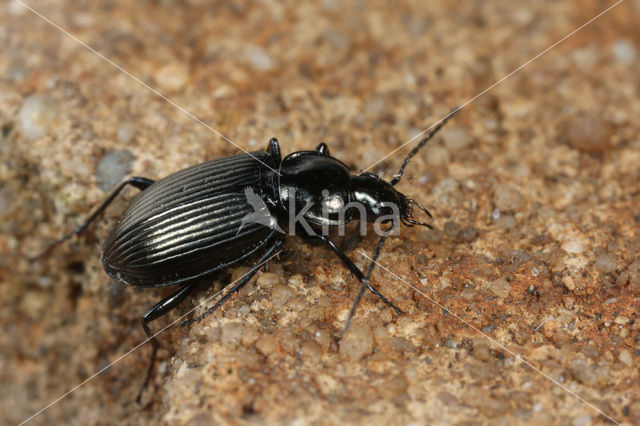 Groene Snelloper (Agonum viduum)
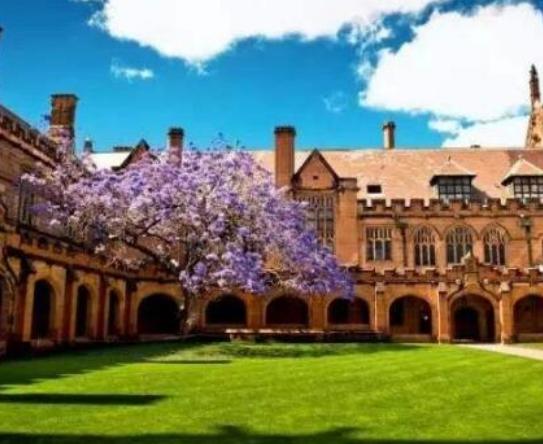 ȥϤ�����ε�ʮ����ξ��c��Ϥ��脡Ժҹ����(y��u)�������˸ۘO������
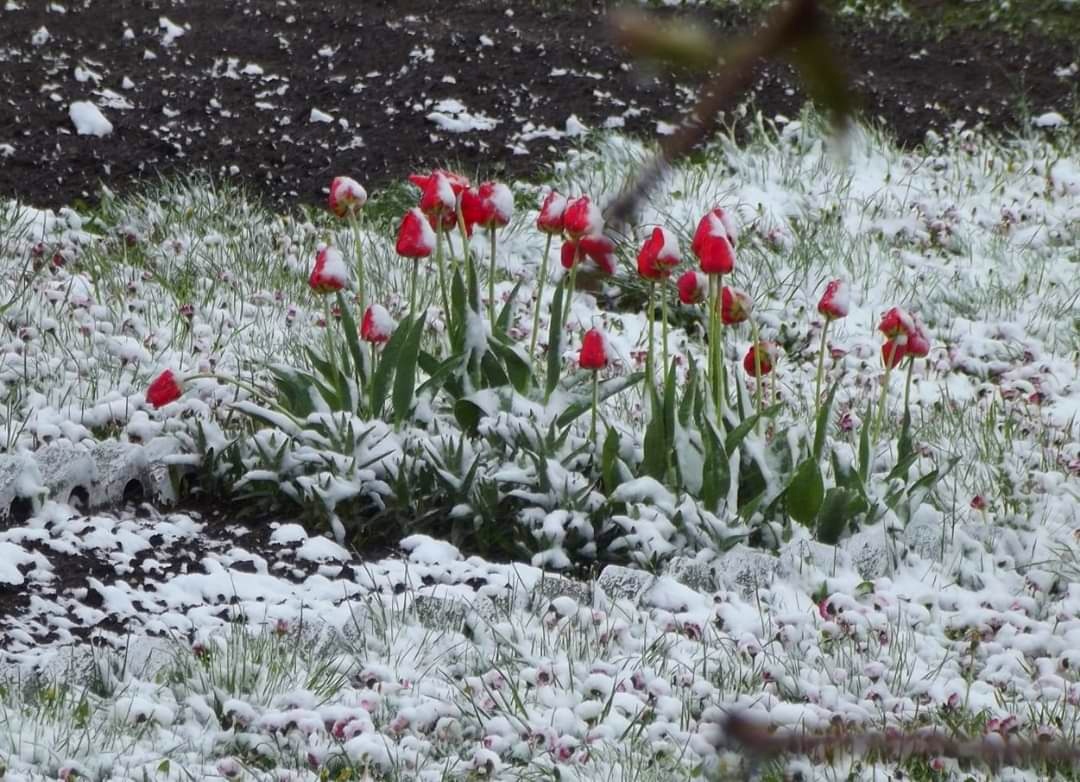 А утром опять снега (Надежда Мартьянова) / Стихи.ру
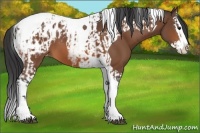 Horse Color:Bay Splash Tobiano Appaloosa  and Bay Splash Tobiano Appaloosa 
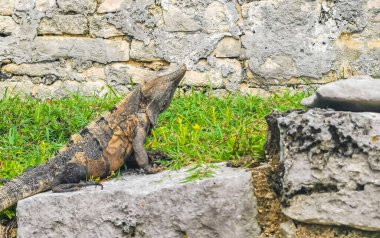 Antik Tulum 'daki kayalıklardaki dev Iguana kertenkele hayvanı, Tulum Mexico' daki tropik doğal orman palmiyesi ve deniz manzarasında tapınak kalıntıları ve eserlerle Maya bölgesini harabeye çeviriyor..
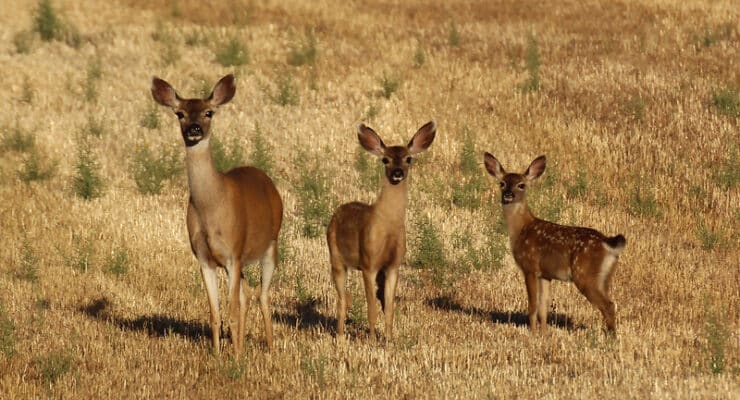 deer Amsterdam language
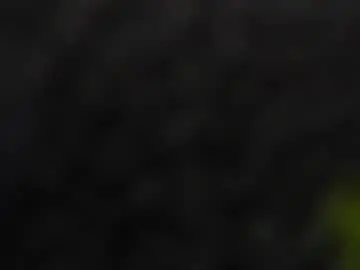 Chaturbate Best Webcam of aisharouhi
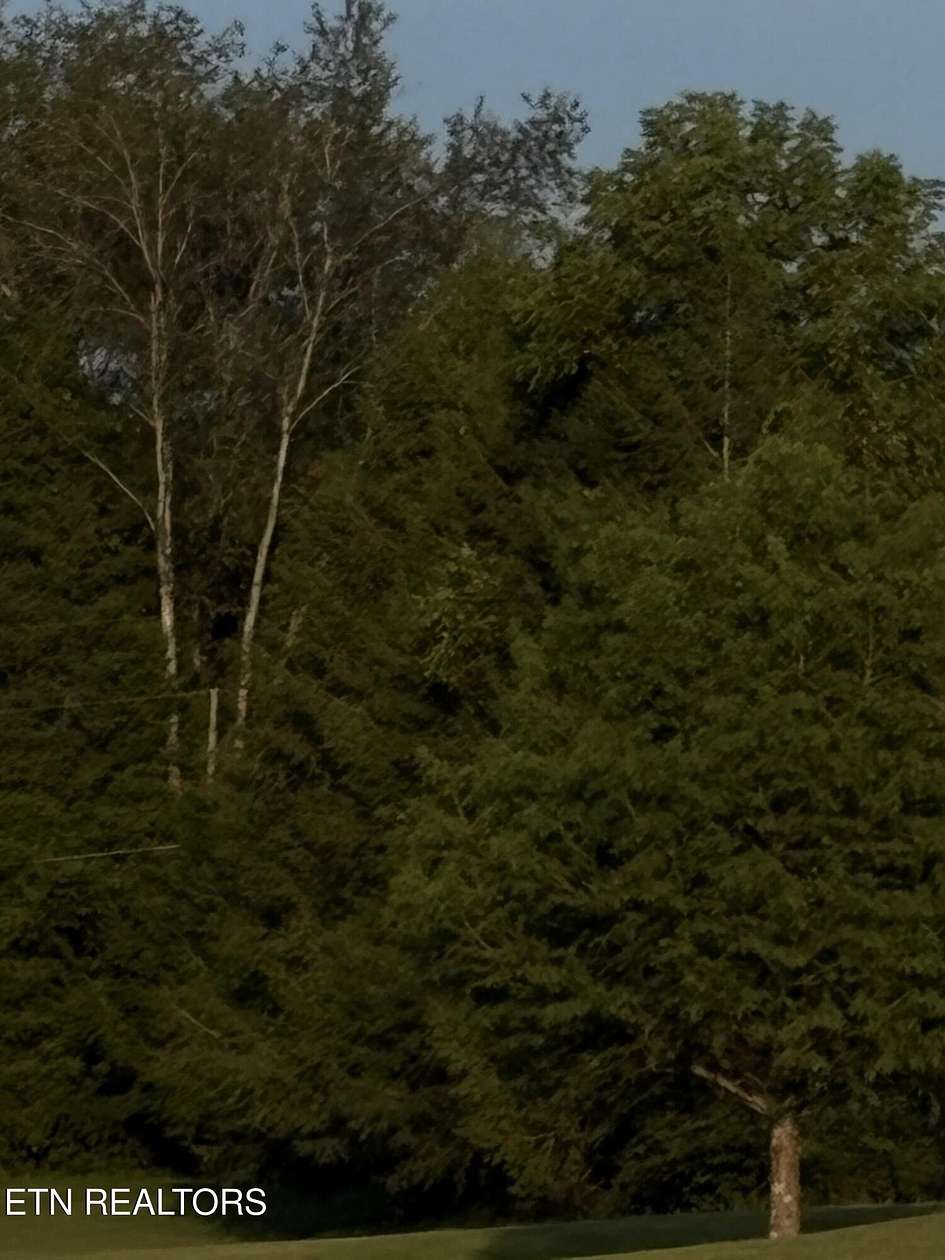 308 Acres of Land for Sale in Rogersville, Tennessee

▶ Action item
An exact transcription is requested of each line from the one that holds "deer Amsterdam language" to the end of the listing above, both boundary lines included; pictures are to be omitted.

▶ Expected answer
 deer Amsterdam language
 Chaturbate Best Webcam of aisharouhi
 308 Acres of Land for Sale in Rogersville, Tennessee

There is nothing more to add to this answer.